> DATA PROVIDED:

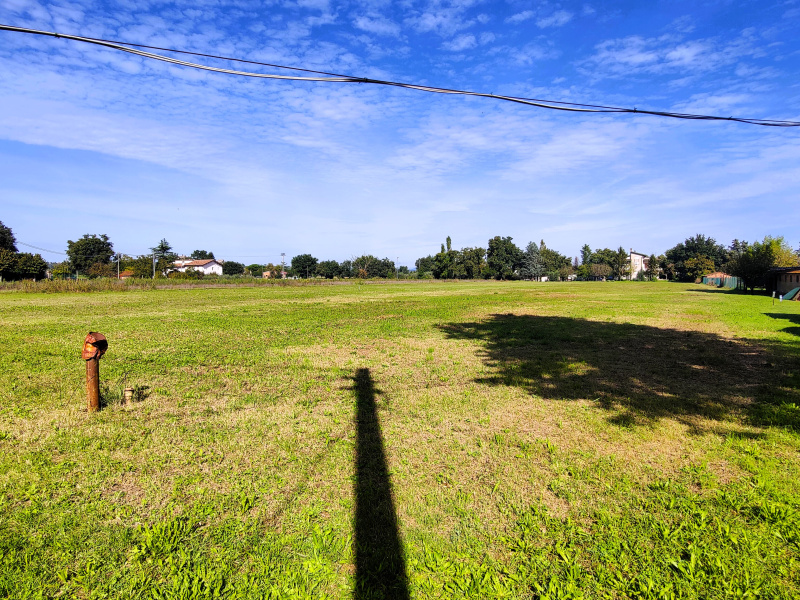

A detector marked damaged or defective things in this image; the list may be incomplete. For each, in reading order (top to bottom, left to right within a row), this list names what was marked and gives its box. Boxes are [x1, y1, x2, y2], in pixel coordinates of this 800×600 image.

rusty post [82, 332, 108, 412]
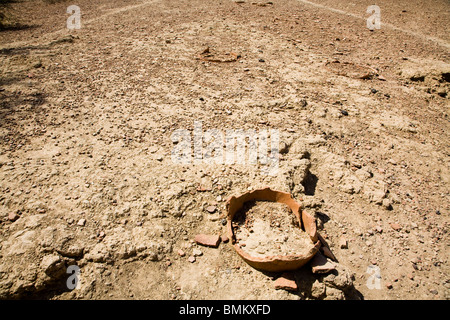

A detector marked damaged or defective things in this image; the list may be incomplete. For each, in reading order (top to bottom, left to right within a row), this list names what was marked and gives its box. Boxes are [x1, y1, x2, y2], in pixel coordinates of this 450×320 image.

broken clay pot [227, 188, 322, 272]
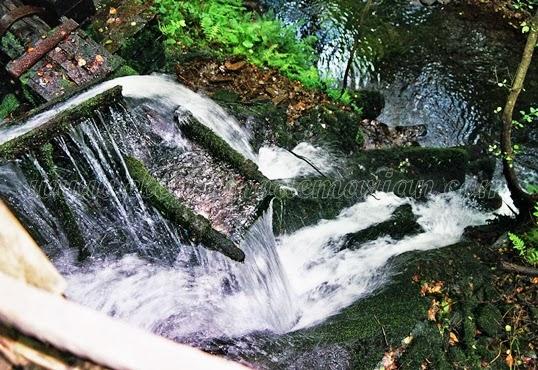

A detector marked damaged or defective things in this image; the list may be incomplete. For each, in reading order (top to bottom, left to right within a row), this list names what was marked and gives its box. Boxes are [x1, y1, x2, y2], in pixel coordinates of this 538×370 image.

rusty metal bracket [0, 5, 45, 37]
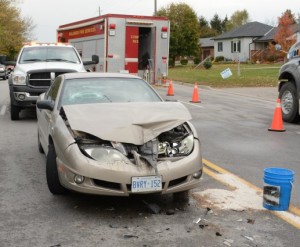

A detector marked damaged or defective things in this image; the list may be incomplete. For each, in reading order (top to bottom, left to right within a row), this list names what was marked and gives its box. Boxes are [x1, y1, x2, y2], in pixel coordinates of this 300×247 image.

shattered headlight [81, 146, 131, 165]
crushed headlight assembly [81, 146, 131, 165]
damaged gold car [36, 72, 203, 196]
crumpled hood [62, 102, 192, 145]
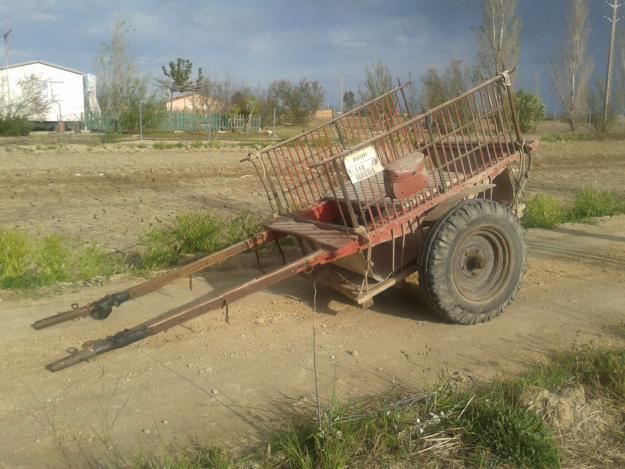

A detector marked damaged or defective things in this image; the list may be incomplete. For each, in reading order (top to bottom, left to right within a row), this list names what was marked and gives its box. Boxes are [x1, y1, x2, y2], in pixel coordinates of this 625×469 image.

==

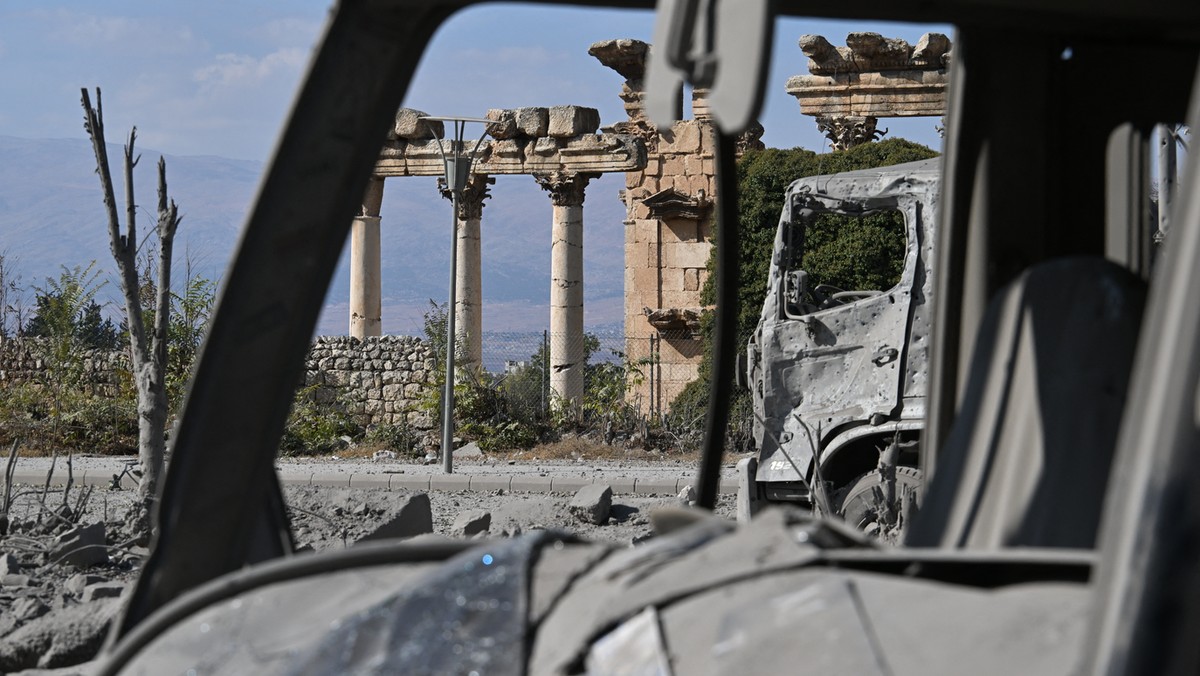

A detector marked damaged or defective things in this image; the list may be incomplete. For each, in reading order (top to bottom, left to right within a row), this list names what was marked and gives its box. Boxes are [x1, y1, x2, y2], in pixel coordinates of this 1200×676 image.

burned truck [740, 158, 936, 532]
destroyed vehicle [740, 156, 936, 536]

> WHAT THE TASK REQUIRES: Transcribe only this stretch of the data: the line with "this 538×370 image.", the line with "this 625×469 image.", and every line in between. Leave out the pictures.

> TASK SOLUTION:
A detector marked damaged or defective things in this image; the list may be incomplete. For each, in reading order (top to bottom, left to right within a row), this list names what was marked and gives its box. Boxes are [x1, y1, x2, y2], in pixel coordinates of this 538×370 image.

rusty metal bracket [0, 5, 45, 37]

A detector marked damaged or defective things in this image; the list may be incomplete. For each, in reading order (top to bottom, left to right within a row), this list names what was marked and gives its box. Boxes are [x1, y1, x2, y2], in pixel coordinates of this 300×247 image.

shattered headlight [81, 146, 131, 165]
crushed headlight assembly [81, 146, 131, 165]
damaged gold car [36, 72, 203, 196]
crumpled hood [62, 102, 192, 145]

A detector marked damaged or defective things in this image; the list may be incomplete. For each, in reading order (top to bottom, left to right within a row), this list names what was marked and gives its box. Boxes are [x1, y1, x2, y2], in pixel coordinates of this 625×469 image.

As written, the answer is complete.